By J.F. McKenna
When I was an apprentice reporter, my editors repeatedly reminded me to “never bury the lead.”
The formula for newspaper success was simple. Find the heart of the story. Tell it straight. Send the copy to the desk.
Pretty simple, eh? Amazing how many fellow reporters–and this sometimes stubborn staff writer, truth be told–struggled with the time-tested journalistic algorithm.
But once on target, success was ensured. The right story delivered, the maximum number of eyeballs captured.
Over the years, I have transferred that lesson to marketing-communications. The ROI remains the same.
Find the real message. Tell it well. Win over the customer.
Surprisingly, many of today’s “mad men” still struggle with the formula. Much to their clients’ regret. In many cases, they even enlist the latest social-media tools to expertly “bury the lead.”
Too bad my crusty editors of past days are not around. They wouldn’t know a tweet from a click-through rate, but they would spot a messaging undertaker instantly. And they would know how to fix a weak story even faster.
The same can be said about the grand old man of advertising, David Ogilvy.
The business world, particularly the Young Turks of marketing today, are paying renewed attention to Ogilvy, who died in 1999. He lives on through his own books and the work of his able disciples. A Scotch-Irish polymath, Ogilvy was a genius who put all his stock in direct truth-telling.
Ogilvy understood the basic metric of successful marketing: “If it doesn’t sell, it isn’t creative.”
Back in February, Success magazine’s Emma Johnson wrote a delightful paean to “The Original Mad Man.” Ogilvy’s philosophy, Johnson wrote, “was to hit on what he called the ‘Big Idea’–one he executed with gorgeous photographs, direct headlines in big type, and an emphasis on giving viewers plain information about the product.”
Like my editorial mentors, Ogilvy never allowed the real message to be lowered into the ground and covered up.
Success was his, as captured eyeballs and phenomenal sales attested. Ogilvy’s clients ranged from Shell Oil to Lever Brothers and from Campbell soup to Rolls-Royce.

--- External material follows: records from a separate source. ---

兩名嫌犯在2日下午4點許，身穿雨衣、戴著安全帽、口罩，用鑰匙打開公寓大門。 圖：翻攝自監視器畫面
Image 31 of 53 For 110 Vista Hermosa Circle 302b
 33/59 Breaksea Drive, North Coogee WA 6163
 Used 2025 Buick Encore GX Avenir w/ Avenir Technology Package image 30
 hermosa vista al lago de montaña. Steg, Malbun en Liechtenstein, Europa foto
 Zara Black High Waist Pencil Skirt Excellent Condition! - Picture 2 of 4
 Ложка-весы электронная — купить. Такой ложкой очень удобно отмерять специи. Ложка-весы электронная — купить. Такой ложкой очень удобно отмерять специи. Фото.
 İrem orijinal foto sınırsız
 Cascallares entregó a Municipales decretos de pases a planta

An outspoken champion of vigorous research and ethical behavior, Ogilvy never fell into the trap that the message or the medium was greater than the product or the service. As he reminded his colleagues, “advertising reflects the mores of a society, but it does not influence them.”
Allan Adamson, author of BrandSimple (Palgrove Macmillian), is a spiritual descendent of Ogilvy’s. In his book on branding management, he writes: “I was fortunate enough to start my career at Ogilvy & Mather in the late 1970s….[There] was one thing that stuck with me more than anything else—the need to identify a simple but meaningful idea on which to base your brand and then to create and transmit the branding signals necessary to bring the idea to life.”
Ignore the big idea today and no amount of Web analytics and keyword targeting will save you.
Take it from this writer and editor–“bury the lead” and it will be your funeral with clients and customers.